### Your task:
Please repeat, exactly and without pictures, the lines of the entries below that run from the one containing "pena que quem" through the one containing "839 Lakeshore Road, Port".
(Excerpted records Opens)
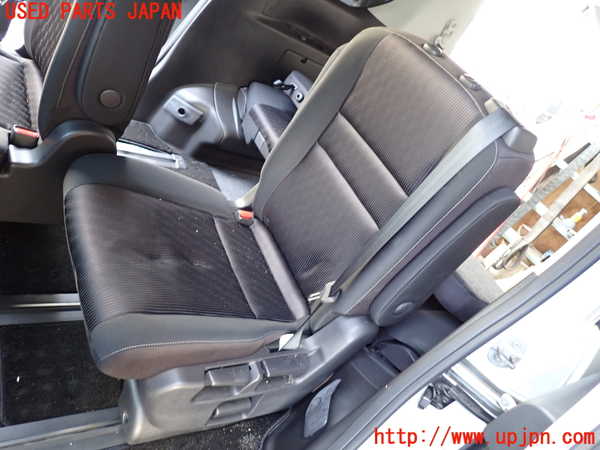 1UPJ-34267175]セレナ e-POWER(HFC27)左2列目シート 中古_m0001.jpg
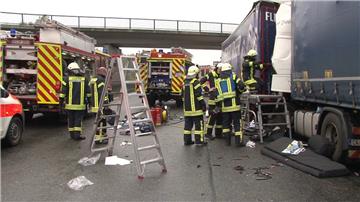 Zwei Lkw-Fahrer sind am Dienstag auf der A1 ums Leben gekommen.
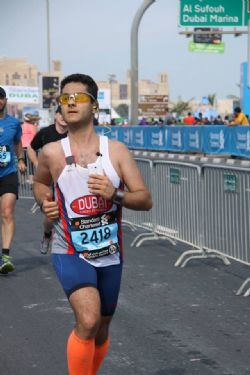 Nacho Villalba,llegando a la meta de la Maratón de Dubai 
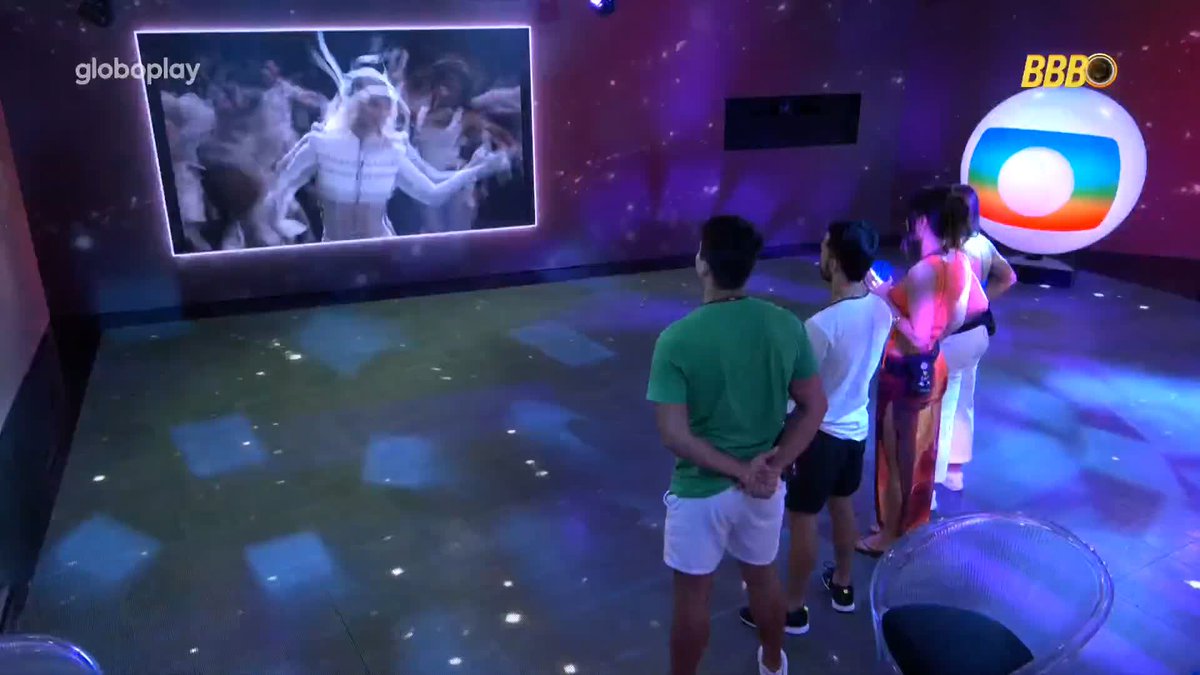pena que quem reagiu a isso foi o pior elenco da história do BBB imagina um serginho orgastic descobrindo q ela lançou uma abracadabra enquanto ele ta trancafiado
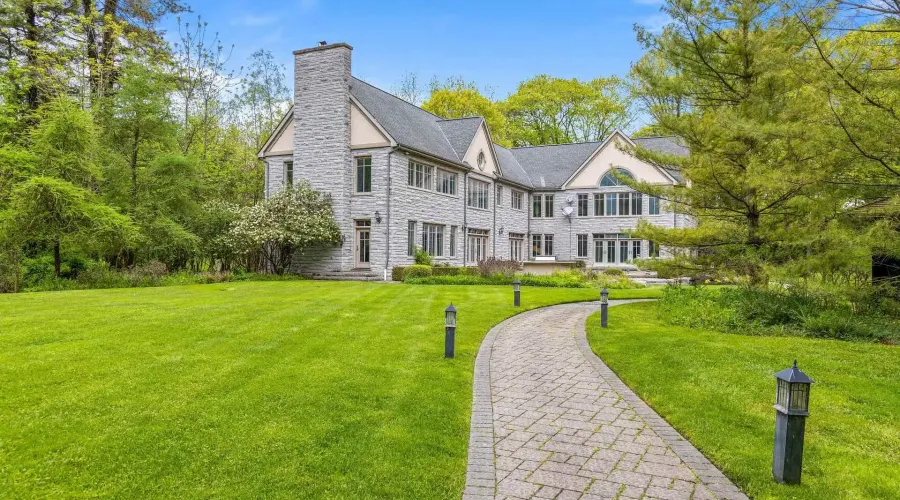 839 Lakeshore Road, Port Colborne, Ontario, L3K 5V3, Canada, 5 Bedrooms Bedrooms, ,5 BathroomsBathrooms,Residential,For Sale,1989798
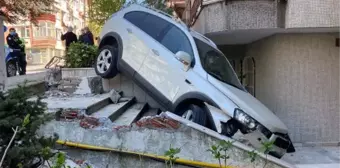 Lüks cipi bahçede görenler şaştı kaldı! Uçma anı kameralara saniye saniye yansıdı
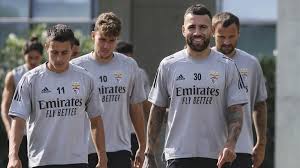 Página oficial do sport lisboa e benfica | sl benfica's official. Otamendi Ja Treinou No Benfica Campus Renascenca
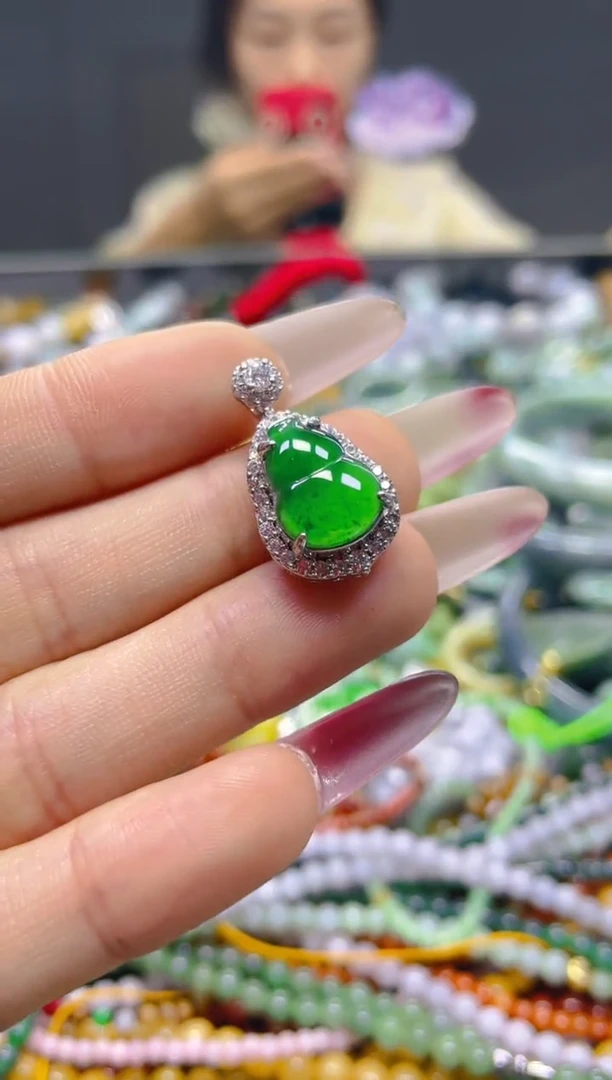 颈饰未镶嵌翡翠/E/翡翠A货，一件也是批发价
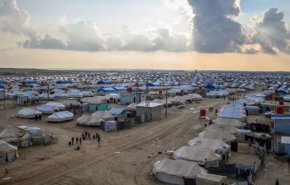 كارثة تهدد حياة 73 ألف شخص في مخيم الهول
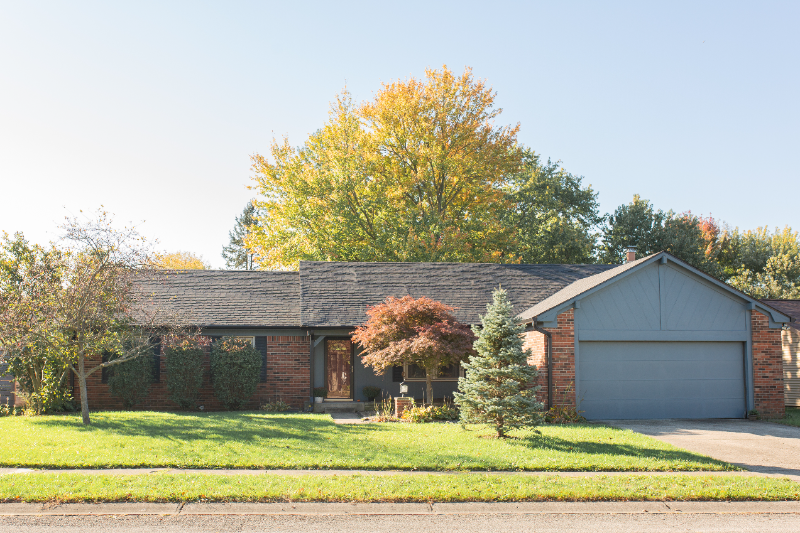 8129 Warbler Way in Indianapolis, IN - Foto de edificio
(Excerpted records Closes)
### Output for this exercise:
pena que quem reagiu a isso foi o pior elenco da história do BBB imagina um serginho orgastic descobrindo q ela lançou uma abracadabra enquanto ele ta trancafiado
 839 Lakeshore Road, Port Colborne, Ontario, L3K 5V3, Canada, 5 Bedrooms Bedrooms, ,5 BathroomsBathrooms,Residential,For Sale,1989798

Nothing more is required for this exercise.